# [Work required]
Every line from the one holding "In this video" through the one holding "Once you've made" in the data below must be returned exactly, both ends included, with pictures left out and nothing else added.

# [Information]
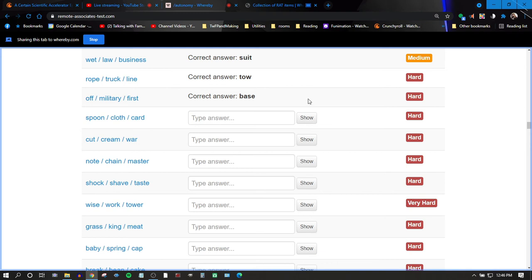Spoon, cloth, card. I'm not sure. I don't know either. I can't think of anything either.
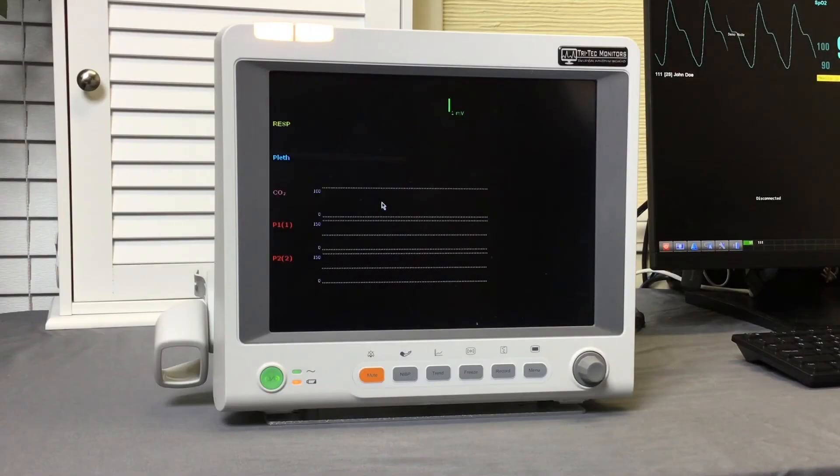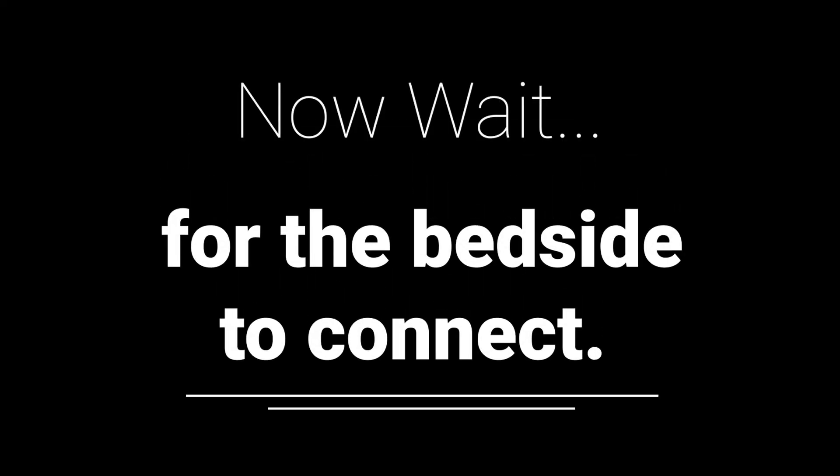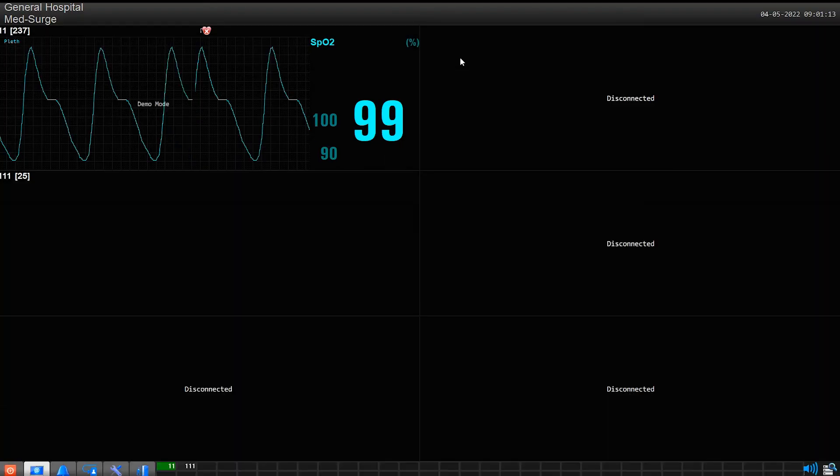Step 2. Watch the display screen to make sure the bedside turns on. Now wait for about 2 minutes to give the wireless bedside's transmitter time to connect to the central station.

==

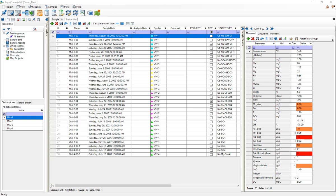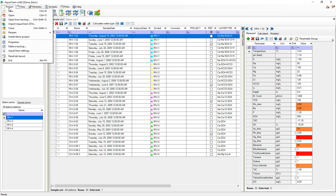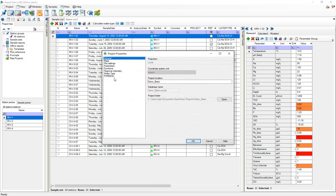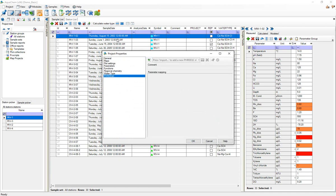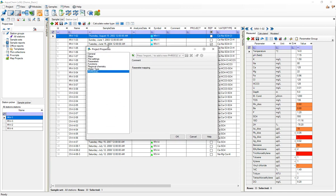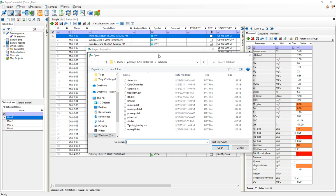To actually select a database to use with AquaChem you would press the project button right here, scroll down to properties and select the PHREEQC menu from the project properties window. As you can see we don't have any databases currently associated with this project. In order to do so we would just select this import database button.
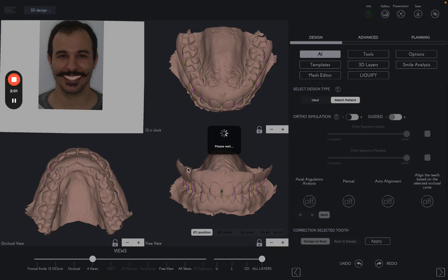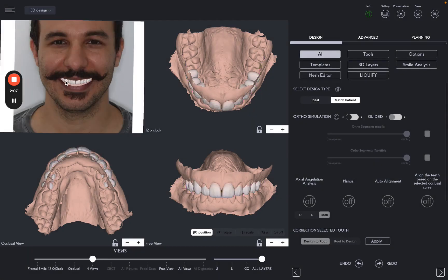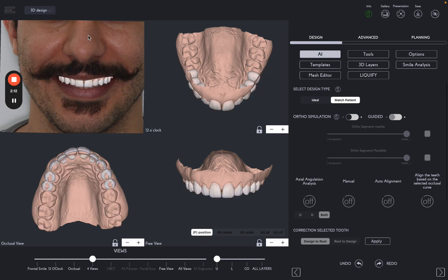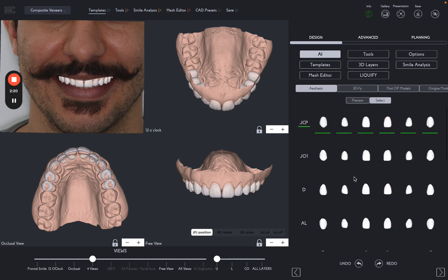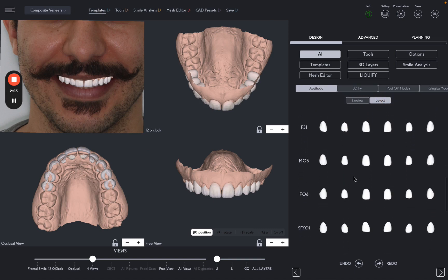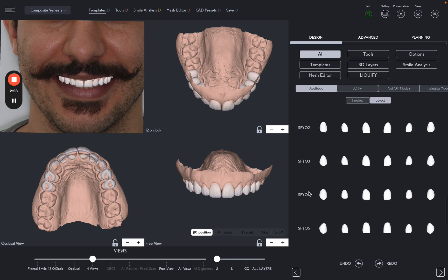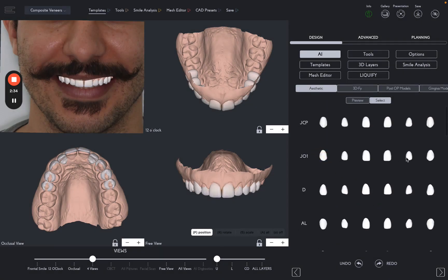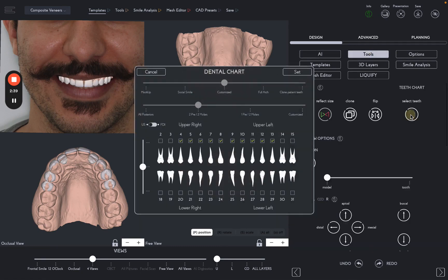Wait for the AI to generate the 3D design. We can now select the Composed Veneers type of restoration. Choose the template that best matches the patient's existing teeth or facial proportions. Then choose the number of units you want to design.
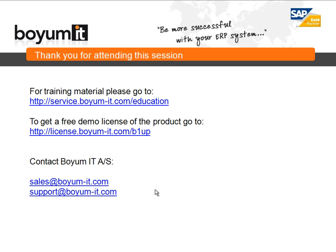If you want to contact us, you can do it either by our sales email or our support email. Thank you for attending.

--

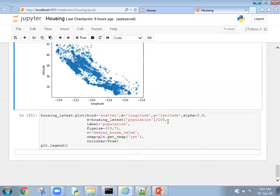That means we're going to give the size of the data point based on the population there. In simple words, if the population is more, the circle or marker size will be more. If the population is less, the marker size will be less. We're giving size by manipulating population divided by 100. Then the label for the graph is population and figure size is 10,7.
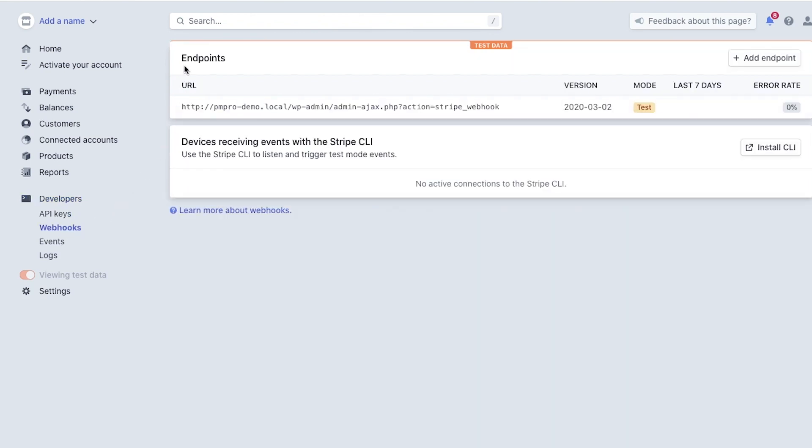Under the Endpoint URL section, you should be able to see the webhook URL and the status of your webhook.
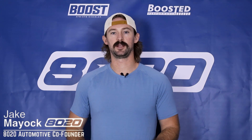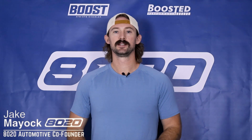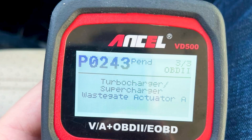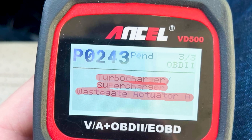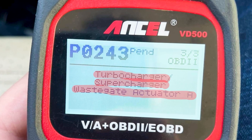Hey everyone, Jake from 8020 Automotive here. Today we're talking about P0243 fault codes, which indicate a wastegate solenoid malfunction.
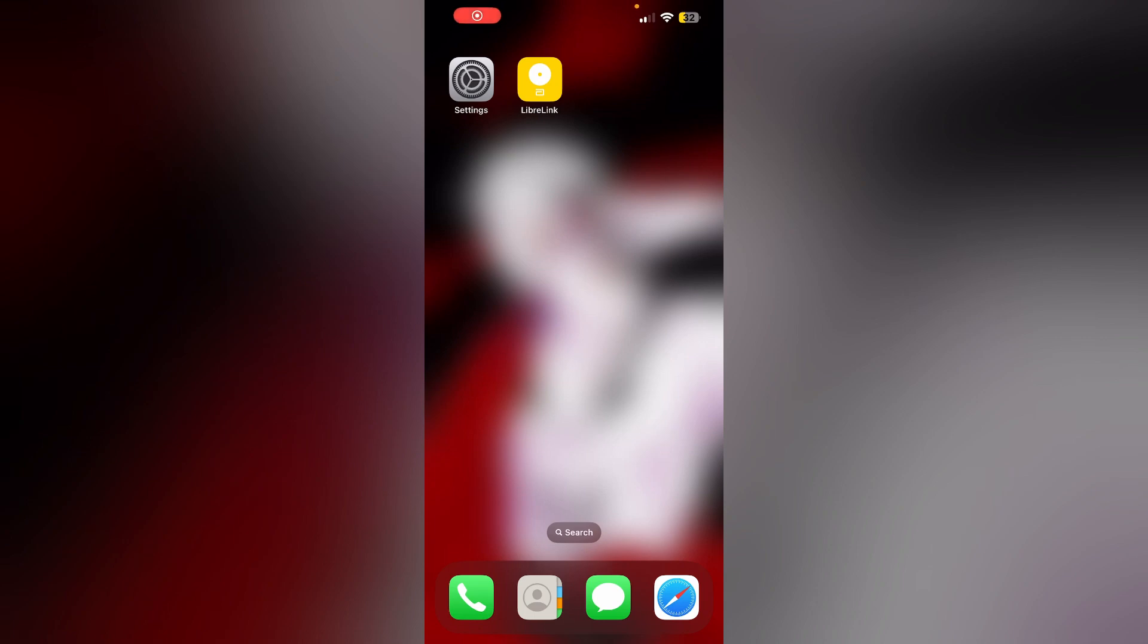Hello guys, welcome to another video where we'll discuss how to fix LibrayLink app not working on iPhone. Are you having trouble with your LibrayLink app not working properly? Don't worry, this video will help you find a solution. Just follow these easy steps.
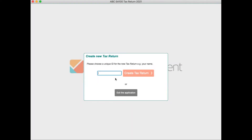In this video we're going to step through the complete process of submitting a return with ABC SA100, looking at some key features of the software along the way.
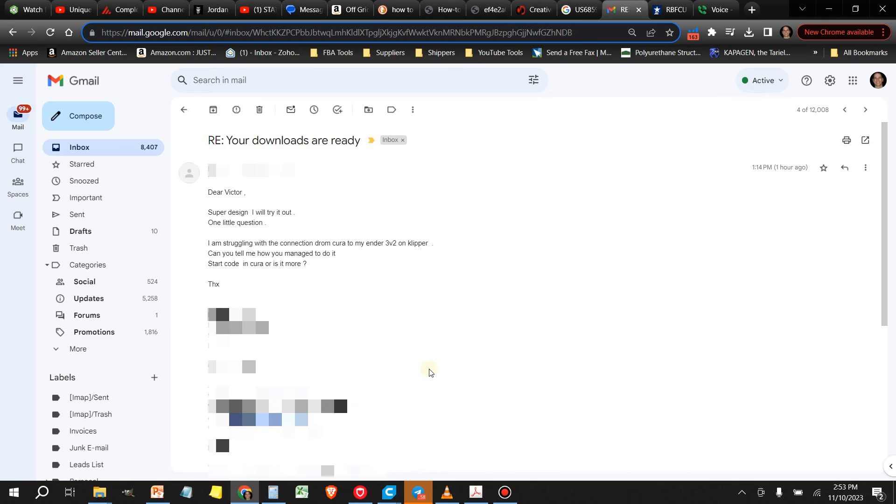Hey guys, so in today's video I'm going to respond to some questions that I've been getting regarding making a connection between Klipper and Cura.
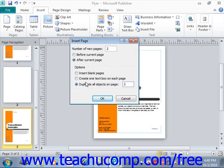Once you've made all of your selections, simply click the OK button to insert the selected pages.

# [Response to this exercise]
In this video we're going to step through the complete process of submitting a return with ABC SA100, looking at some key features of the software along the way.
Hey guys, so in today's video I'm going to respond to some questions that I've been getting regarding making a connection between Klipper and Cura.
Once you've made all of your selections, simply click the OK button to insert the selected pages.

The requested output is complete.